Сказать сложно. На моей памяти Делянка – лесной массив, вырезанный после обращения к губернатору. Кто это сделал – неизвестно. Говорят, что один из застенковцев, возвратившись с войны живым, построил себе хату, женившись. А в памяти веребчан осталась именная возвышенность в той Делянке. Ее назвали Тарентовой – в честь Терентия Шушкевича, который пытался раскорчевать взгорье, чтобы посеять рожь. Сейчас та гора - нерукотворный памятник крестьянской доле.

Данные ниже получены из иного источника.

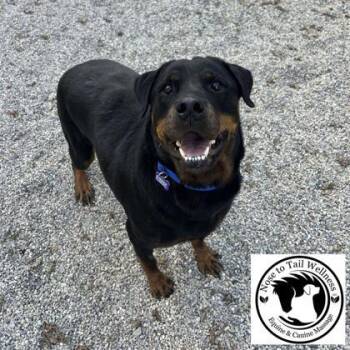 Rescue Rottweiler and Mixed Breed Dogs for Adoption in Burlington, Wisconsin - Miracle | PetCurious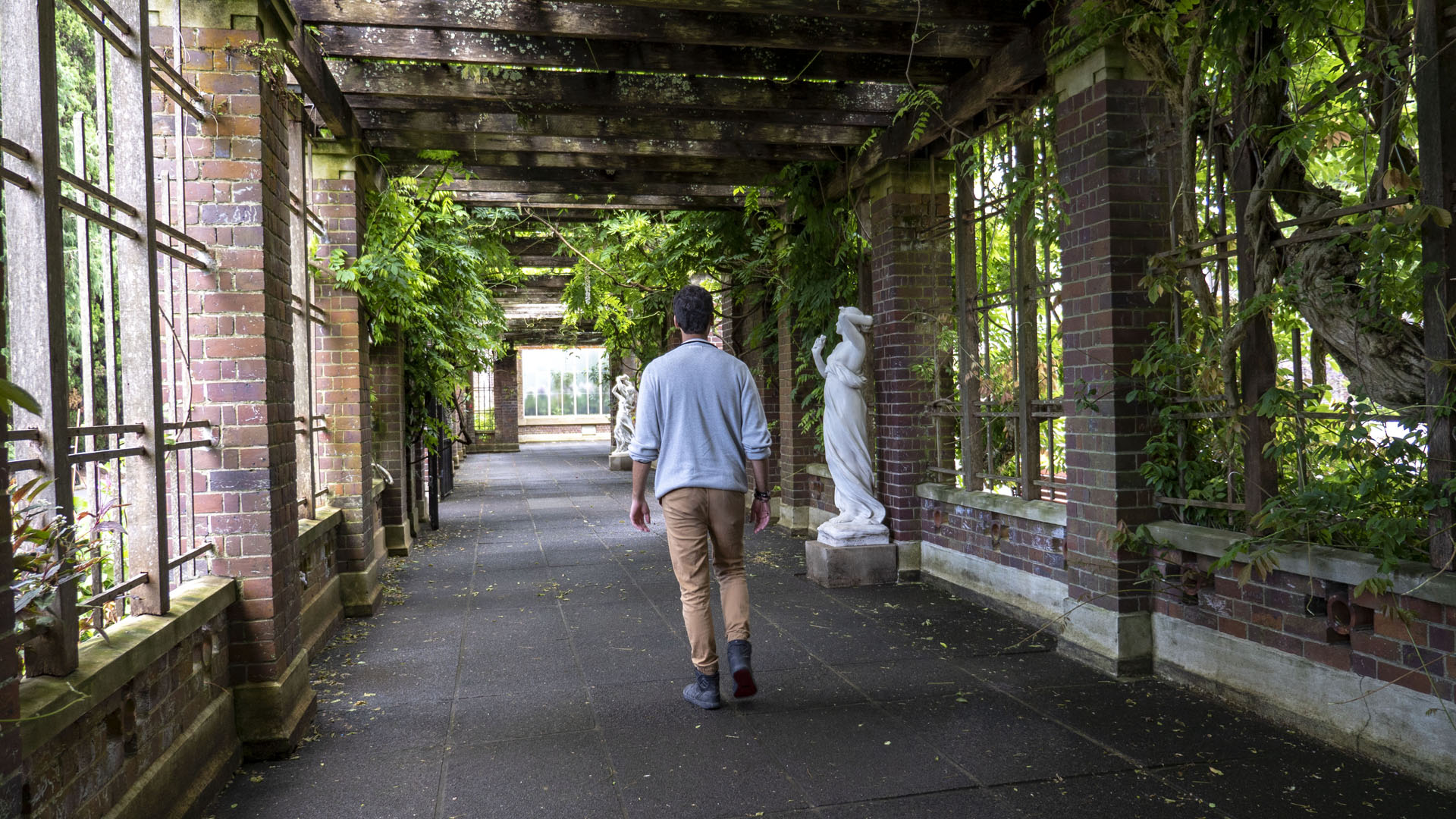 Auckland Domain Winter Garden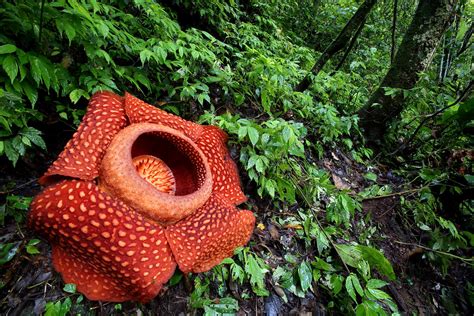 Rafflesia arnoldii, Giant Corpse Flower in habitat, West S… | Flickr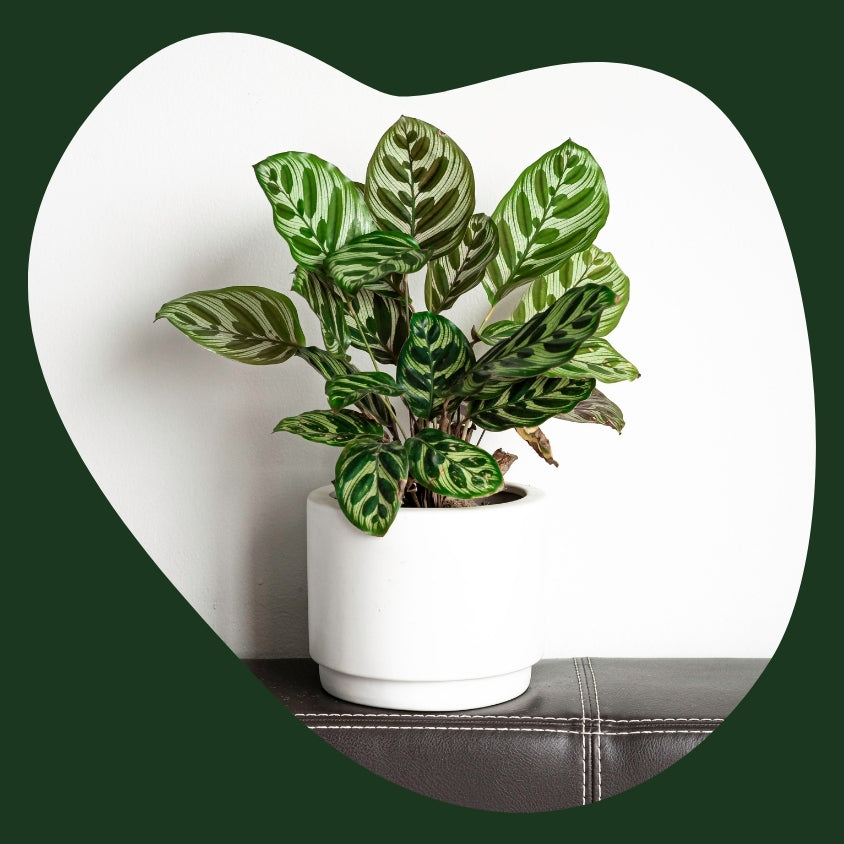 Indoor Plants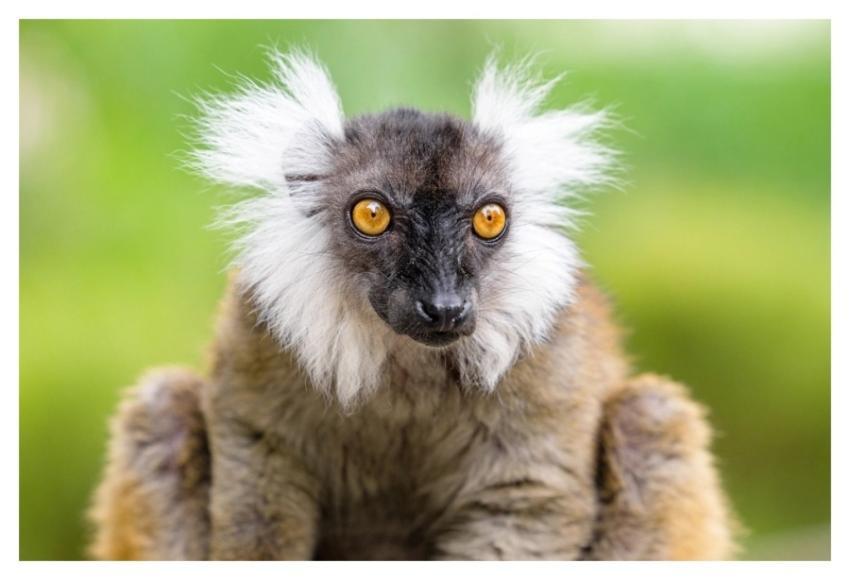 Lemur, mammal primate wild animal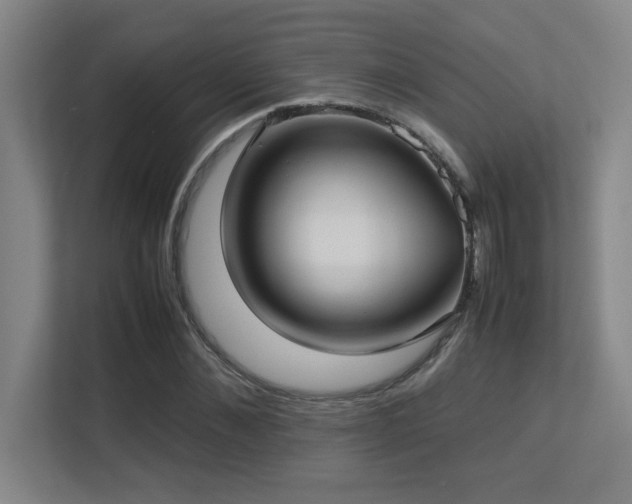 X0000113210876200909101130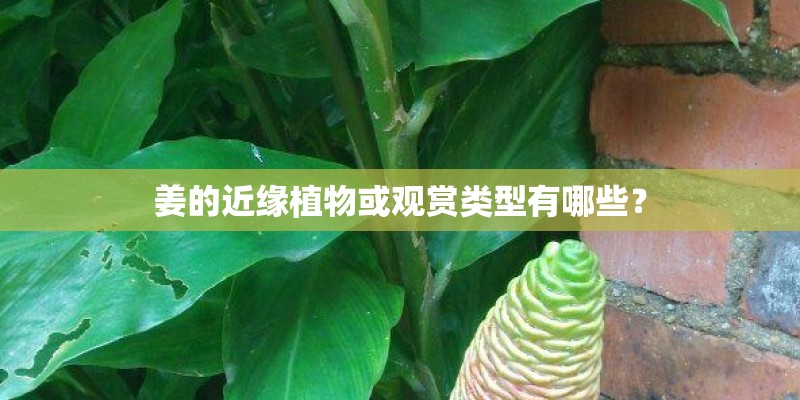 姜的近缘植物或观赏类型有哪些？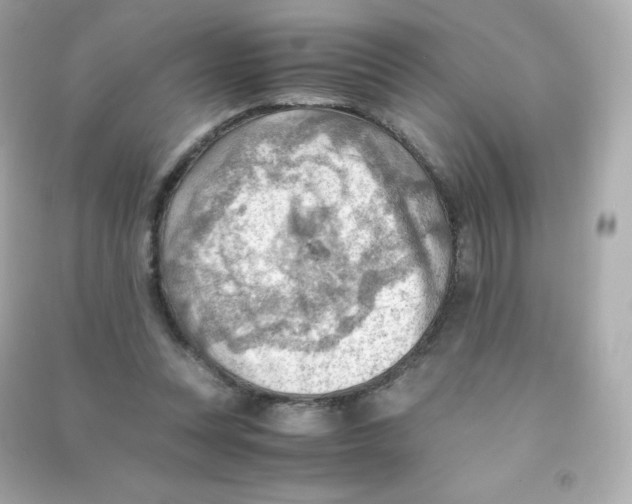 X0000090430351200708102010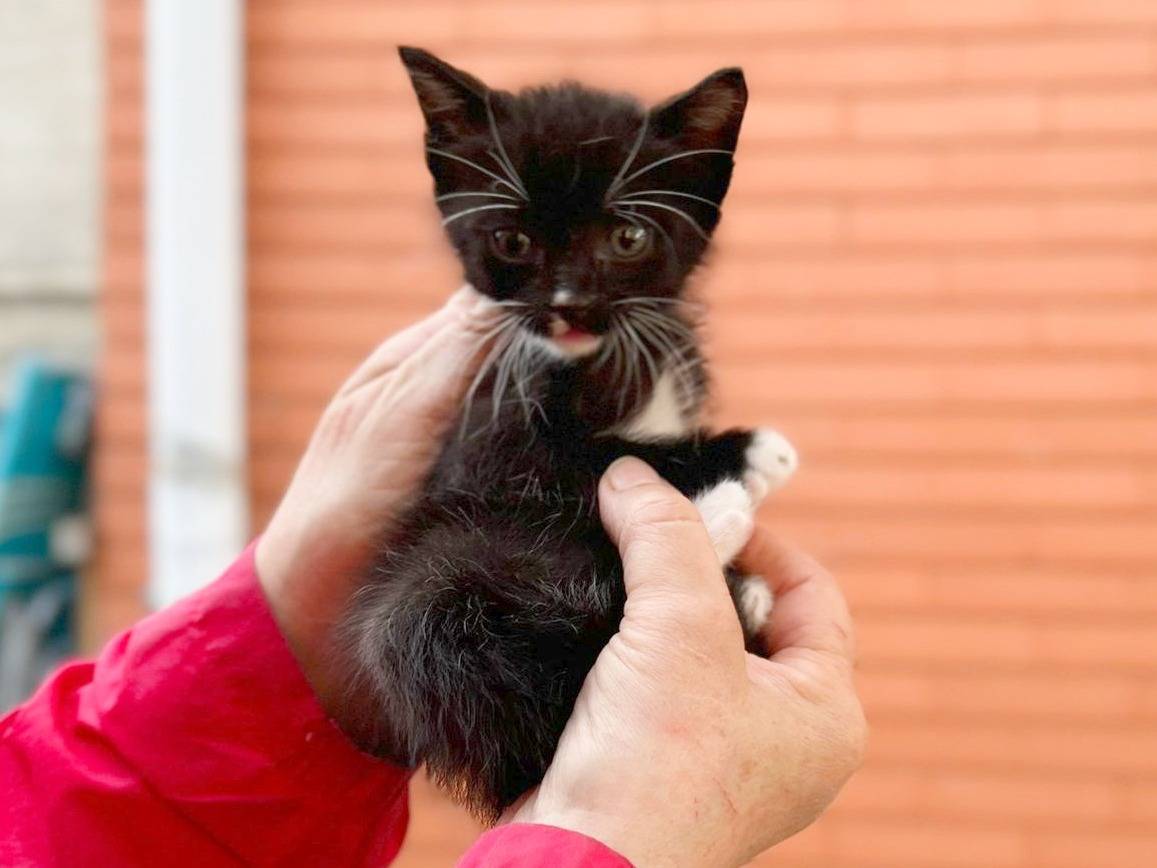 Adotta il gatto LOY a Cremona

СТОЛЕТНЯЯ КРОНА РОДОВОГО ДЕРЕВА
Каким было продолжение - еще сто лет, длинная история. В ней было всё – и попытка Ильича переиначить мир - раскрыть потенциал низов, и сталинский диктат жить по начертанной им колее и обогнать Америку, и государственные сгоны в виде «исправительно-трудовых» лагерей, и фашистские концлагеря, и столкновения интересов, и иноземные вторжения и кровопролитные сражения, и хрущевская оттепель, и полные закрома Советского Союза. Наследников старинного рода разметало по странам и континентам. А застенковое дело продолжает немногочисленный состав правобережной части деревни Веребки. Оставшихся жителей можно сравнить с неувядаемой кроной большого дерева, возраст которого насчитывает более двухсот лет. Бывшие застенковцы превзошли по долголетию виленских монахинь-бернардинок, да и Система "проплыла" пред их глазами - ее уже нет. Они по-прежнему Шушкевичи, хотя линии многих переплелись с другими наследными кустами. О каждом из них можно написать отдельную главу. Уверен, это сделают наши потомки – по-белорусски, нащадкі.
…И КОЛЮЧАЯ ПРОВОЛОКА В РЕПИЩЕ
Сейчас хотелось бы сказать вот о чем. Исчез рубеж, нет больше границы, что делила земли на полоцкие и виленские, монашеские и частновладельческие, помещичьи и казённые. Мы живем в другом измерении. А рубцы возвращаются. Они в виде рубежей, что разделяют государства. Водного сообщения нет, но речное передвижение заменено автомобильным, и его издержки мы видим на примере придорожных сервисов. На автотрассе, что пролегла чрез Усохи, развернут частный гостиный двор. Как напоминание о "чужой" земле - черный асфальт, где колосилась рожь, и колючая проволока в Репище, где крестьяне пасли домашних коров. В Репище и на Великих Пожнях частное владение - подсобное хозяйство заезжего двора, огражденное непролазным забором. К памятной горе старинного рода не пройти...
На снимке: 60-е годы прошлого столетия; эскорт на свадьбу, ее играли в двух деревнях: и по месту жительства жениха, и по месту жительства невесты. Фото из личного архива Шушкевичей.